Na pisanie książek czy występowanie w mediach śledczy musi mieć zgodę przełożonego. Przepisom, który taki obowiązek nakładają, już niedługo przyjrzy się trybunał
Na pisanie książek czy występowanie w mediach śledczy musi mieć zgodę przełożonego. Przepisom, który taki obowiązek nakładają, już niedługo przyjrzy się trybunał
Problem został przedstawiony Trybunałowi Konstytucyjnemu za sprawą Wojciecha Sadrakuły, prokuratora Prokuratury Krajowej w stanie spoczynku, który w 2019 r. zaskarżył niektóre przepisy prawa o prokuraturze (t.j. Dz.U. z 2021 r. poz. 66). Sprawa niedawno nabrała tempa, a swoje stanowiska przedstawili już prokurator generalny oraz Sejm.
Cenzura czy dbanie o standardy
Wojciech Sadrakuła przeszedł w stan spoczynku w 2016 r. Trzy lata później zawiadomił jednak, zgodnie z wymogami ustawowymi, swojego przełożonego, a więc prokuratora krajowego, że podejmuje działalność literacką w zakresie literatury sensacyjnej, literatury prawa oraz popularyzacji prawa, ze szczególnym uwzględnieniem konstytucji. Wskazał również, że „działalność ta będzie polegała na występowaniu podczas spotkań autorskich, ale również podczas imprez edukacyjnych czy też udzielaniu się w mediach”. Prokurator krajowy Bogdan Święczkowski nie zgodził się na to i wniósł sprzeciw wobec zamiaru podjęcia przez Sadrakułę działalności polegającej na publikacji „w formie książkowej lub prasowej bliżej niesprecyzowanych prac literackich i artykułów oraz ewentualnej przyszłej aktywności związanej z promocją takich publikacji”. Prokurator postanowił odwołać się od tej decyzji PK. Odwołanie zostało jednak pozostawione bez rozpoznania, gdyż przepisy nie przewidują zaskarżania tego typu rozstrzygnięć.

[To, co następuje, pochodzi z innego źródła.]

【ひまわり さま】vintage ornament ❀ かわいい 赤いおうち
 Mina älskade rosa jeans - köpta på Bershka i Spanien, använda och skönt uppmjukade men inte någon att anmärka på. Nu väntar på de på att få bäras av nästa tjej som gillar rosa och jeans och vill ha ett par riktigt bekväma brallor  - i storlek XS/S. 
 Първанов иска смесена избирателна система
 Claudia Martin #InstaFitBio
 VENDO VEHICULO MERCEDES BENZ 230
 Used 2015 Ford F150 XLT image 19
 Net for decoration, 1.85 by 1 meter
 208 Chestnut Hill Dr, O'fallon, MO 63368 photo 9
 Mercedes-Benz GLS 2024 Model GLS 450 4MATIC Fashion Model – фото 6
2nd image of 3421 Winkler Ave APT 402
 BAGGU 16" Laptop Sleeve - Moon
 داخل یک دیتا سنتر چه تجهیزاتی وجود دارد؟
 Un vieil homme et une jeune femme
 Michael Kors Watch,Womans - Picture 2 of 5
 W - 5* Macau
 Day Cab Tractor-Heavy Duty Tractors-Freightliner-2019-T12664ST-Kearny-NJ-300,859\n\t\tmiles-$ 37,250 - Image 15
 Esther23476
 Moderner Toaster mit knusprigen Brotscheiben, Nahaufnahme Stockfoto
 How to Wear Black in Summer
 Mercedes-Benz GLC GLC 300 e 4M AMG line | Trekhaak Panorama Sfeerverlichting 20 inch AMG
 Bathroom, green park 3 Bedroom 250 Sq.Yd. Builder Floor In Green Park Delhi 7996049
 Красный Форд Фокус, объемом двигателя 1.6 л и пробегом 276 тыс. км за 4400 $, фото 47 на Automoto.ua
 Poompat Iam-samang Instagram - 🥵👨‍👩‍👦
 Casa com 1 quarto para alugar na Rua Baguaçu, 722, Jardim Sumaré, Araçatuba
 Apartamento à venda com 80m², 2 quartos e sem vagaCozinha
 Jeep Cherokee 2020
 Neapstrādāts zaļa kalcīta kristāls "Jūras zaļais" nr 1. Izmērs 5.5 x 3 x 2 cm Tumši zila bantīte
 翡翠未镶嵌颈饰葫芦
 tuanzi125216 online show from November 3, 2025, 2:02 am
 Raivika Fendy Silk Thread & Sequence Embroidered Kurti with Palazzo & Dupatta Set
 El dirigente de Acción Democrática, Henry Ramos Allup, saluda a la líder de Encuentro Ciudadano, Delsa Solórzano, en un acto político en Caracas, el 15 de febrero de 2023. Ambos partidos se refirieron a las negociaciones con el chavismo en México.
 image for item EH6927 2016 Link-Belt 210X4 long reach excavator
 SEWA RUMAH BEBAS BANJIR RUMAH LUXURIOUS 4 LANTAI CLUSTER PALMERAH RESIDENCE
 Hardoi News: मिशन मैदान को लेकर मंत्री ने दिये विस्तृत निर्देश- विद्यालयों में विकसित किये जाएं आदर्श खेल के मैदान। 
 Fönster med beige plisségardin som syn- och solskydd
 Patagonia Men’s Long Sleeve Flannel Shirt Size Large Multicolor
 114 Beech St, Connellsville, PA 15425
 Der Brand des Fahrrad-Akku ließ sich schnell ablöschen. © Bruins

Wobec powyższego Wojciech Sadrakuła postanowił zakwestionować w TK przepisy nakazujące prokuratorom informowanie swoich przełożonych o zamiarze podjęcia jakiejkolwiek dodatkowej działalności. Jego zdaniem regulacja ta w połączeniu z prawem przełożonego do wyrażenia sprzeciwu wobec planów śledczego pozbawia prokuratorów gwarantowanych w konstytucji praw, takich jak m.in. wolność słowa, wolność twórczości artystycznej czy wolność nauczania. Jak możemy przeczytać w skardze, w pewnych przypadkach nałożony na prokuratorów sporny obowiązek może wręcz prowadzić do cenzury prewencyjnej.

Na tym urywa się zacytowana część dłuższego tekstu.